Dieses Stilmittel findet sich vor allem auf Bildern in Renaissance und Barock. Meister wie Raffael, Michelangelo, Rembrandt, Rubens haben so auf zentrale Bildinhalte aufmerksam gemacht.
Erforschung über Pupillenbewegung
Die Kunsthistorikerin Temenuzhka Dimova, die bereits in ihrer Doktorarbeit zu „Sprache von Gesten in frühneuzeitlichen Gemälden“ geforscht hat, testete jetzt für die Uni Wien, ob dieses Zeigen beim Betrachter tatsächlich den erwünschten Effekt erzielt.
Als Technik kam dabei „Eyetracking“ zum Einsatz, eine Methode, bei der die Pupillenbewegungen von Personen aufgezeichnet werden, während sie Kunst betrachten.
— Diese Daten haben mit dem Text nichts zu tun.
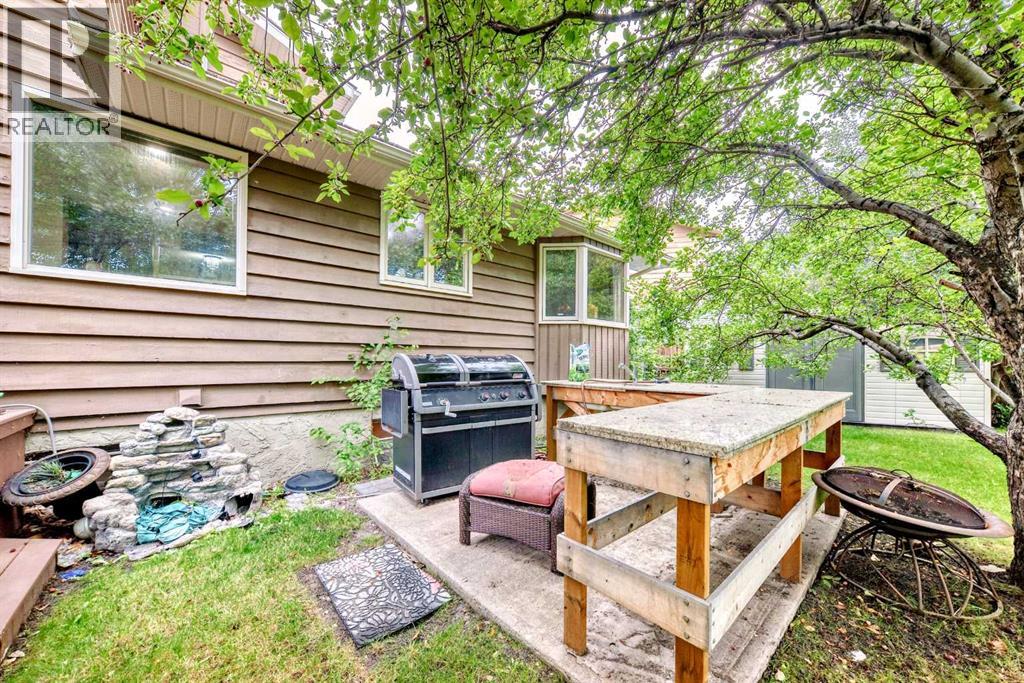 Single Family House for Sale in  Varsity Estates Court NW Varsity Calgary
So lässt sich herausfinden, an welchem Punkt die Bildbetrachtung beginnt, wo der Blick länger verweilt, wie das Auge über das Werk wandert und wohin der Blick zurückkehrt.
Das wurde mit drei Gruppen untersucht: Laien ohne Kunstausbildung, Kunstgeschichte-Studenten und Gehörlose, die fließend Gebärdensprache beherrschen.
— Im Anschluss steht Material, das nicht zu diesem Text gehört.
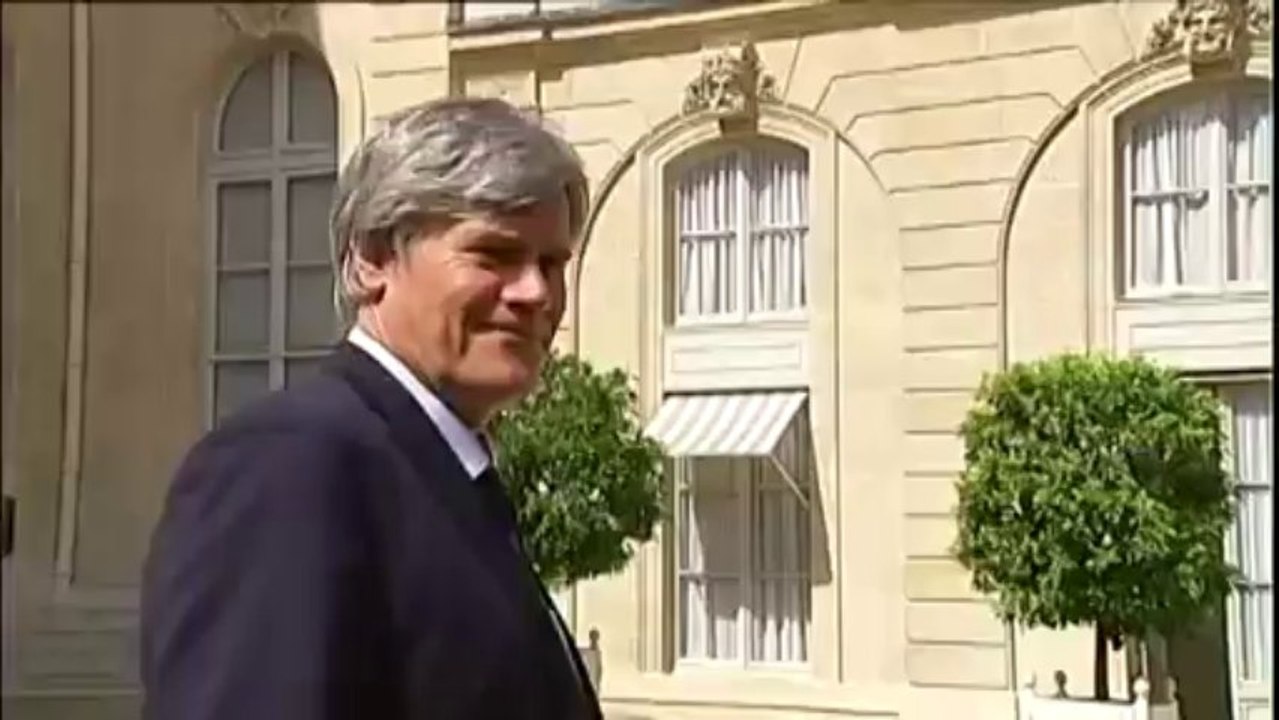 Des vacances pour le gouvernement mais "pas de vacance du pouvoir"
Blick auf das Wesentliche lenken
Für die Forscherin überraschend war, wie kurz die Ungeschulten den ausgestreckten Zeigefinger betrachteten. Eine halbe Sekunde reichte aber aus, um die Blickrichtung zu beeinflussen. Im Vergleich waren die Studierenden und die Gehörlosen deutlich interessierter an Bilddetails.
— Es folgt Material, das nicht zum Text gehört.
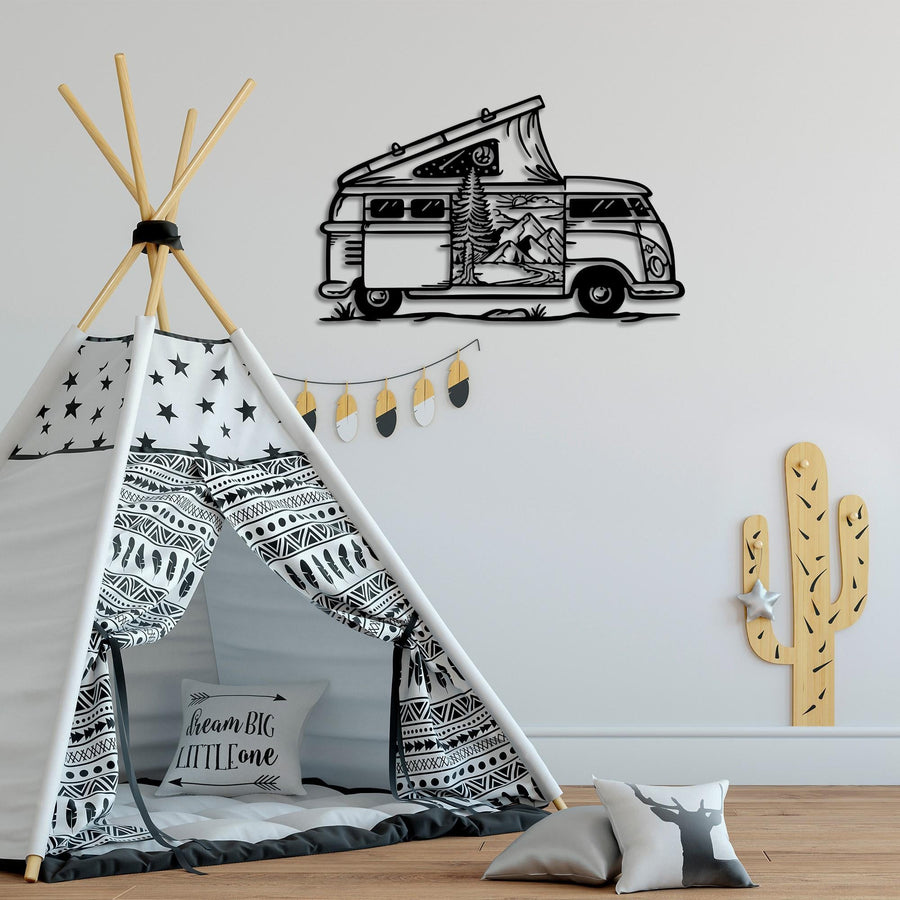 Kamp Minibus Dag Manzarali Metal Duvar Panosu - Siyah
Mit den Laien wurde schließlich ein weiteres Experiment durchgeführt: Aus acht Bildern entfernte die Forscherin die Zeigegesten. „In den bearbeiteten Gemälden haben sie die eigentlich relevanten Bereiche des Bildes viel weniger beachtet“, so Dimova. Was beweist: Die Alten Meister lenken tatsächlich den Blick auf das Wesentliche im Bild.